Russia’s Continuing Ties to Southeast Asia—and How They Factor Into the Ukraine War: Part 1
In recent years, Russia, which had not had much of a strategic or economic presence in Southeast Asia, has become a more involved player once again. It has cultivated close ties with Myanmar, regularly selling weapons to Myanmar and cultivating strategic ties. Particularly after the February 2021 Myanmar coup, when even Beijing seemed to have doubts about how the coup had destabilized the country and led to potential risks to China’s investments, Russia stood strongly behind the junta. Russian officials participated in a prominent military ceremony in Myanmar after the coup, Russian continued to supply large numbers of arms to the junta, even as it launched a scorched earth policy against coup opponents and ethnic minority groups, and the Kremlin invited junta leader Min Aung Hlaing to Moscow in June (before he had any major visits to Beijing), sending a strong signal of support to Naypyidaw.
In return, the Myanmar generals have echoed Moscow’s line on Ukraine, praising Moscow for “balancing global power,” according to a report in the Irrawaddy.

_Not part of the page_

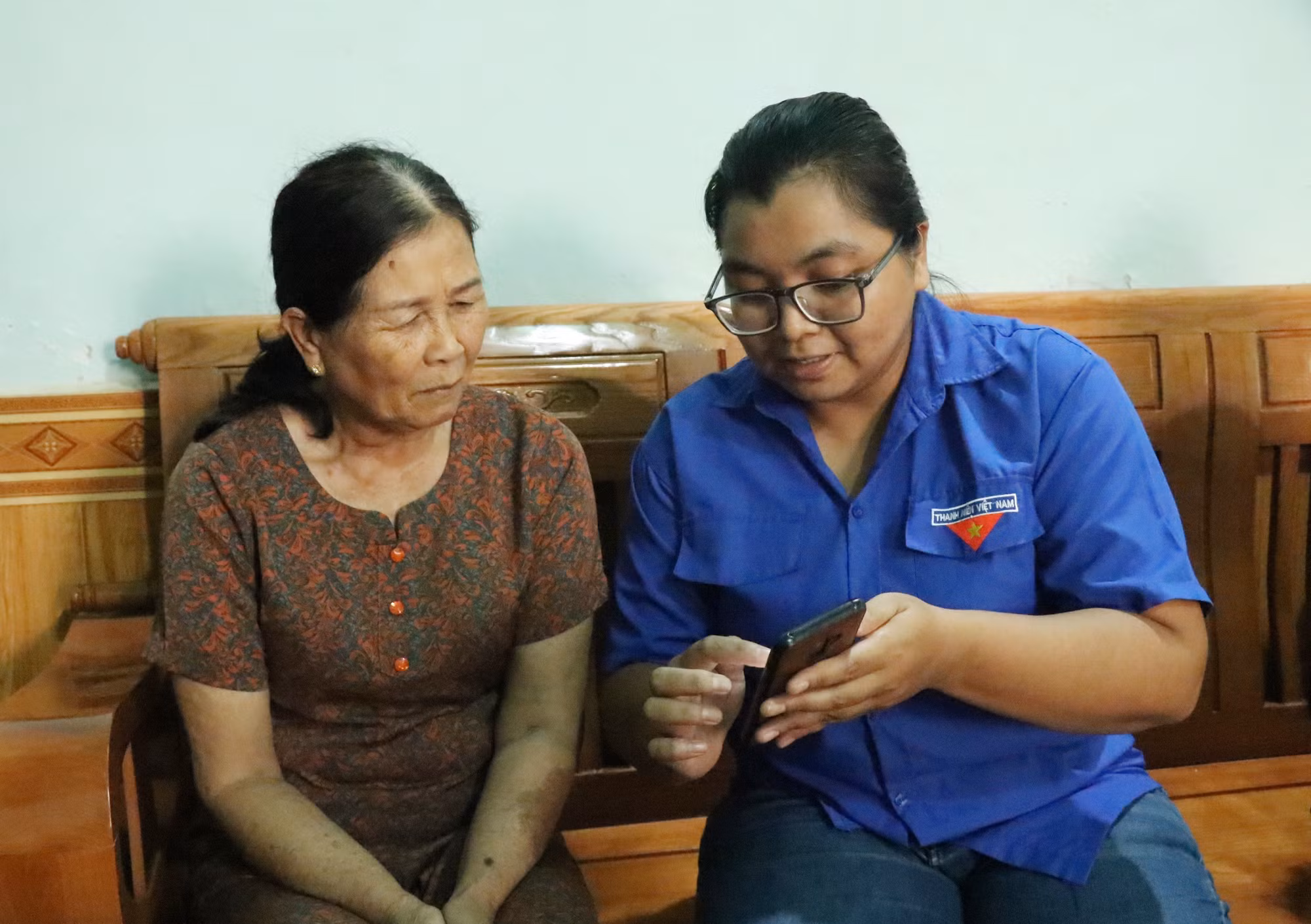 Thành viên Tổ công nghệ số cộng đồng Buôn Alê B, phường Ea Kao, tỉnh Đắk Lắk hướng dẫn người dân sử dụng các ứng dụng để làm thủ tục hành chính.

The generals have kept up their drumbeat of support for Russia’s war since them, even as they use similar brutal tactics against civilians and anti-junta fighters within Myanmar.
Russia also has longstanding ties to Vietnam, which date far back into the Soviet Union era, when Moscow was Hanoi’s major backer in the Vietnam War. Although the United States has built close strategic and defense ties with Hanoi, and lifted its embargo on selling deadly weapons to Vietnam four years ago, Hanoi has been reluctant to buy large quantities of U.S. arms, and its defense forces remain highly dependent on Russian platforms and arms. Vietnam and Russia have a strategic relationship (although Vietnam also has a comprehensive partnership with Ukraine), but it would take years for Hanoi to wean itself off of Russian weapons. (Other Southeast Asian states including Indonesia and Malaysia also buy weapons from Russia.)
Perhaps as a result, Vietnam abstained from the UN resolution on Russia’s invasion of Ukraine—a significant statement for a country that views itself as a rising power in Southeast Asia, a leader of the Association of Southeast Asian Nations (ASEAN) and one Washington’s most important partners in the region now.
Russia has built closer ties with other Southeast Asian states as well. It has bolstered its links with Laos in recent years, building on security and political ties that already were historically quite close. It has stepped up sales of weapons like helicopters to Laos in the past four years, and has used high-level visits on both sides to solidify political links.
Although Laos is a small country, since ASEAN operates by consensus, the views of Laos and Myanmar (and to a lesser extent Vietnam) make it harder for ASEAN as an organization to come to any forceful statement on the war in Ukraine, and generally to adopt a position of either indifference or outright neutrality, simply calling for a cease-fire after days of saying nothing.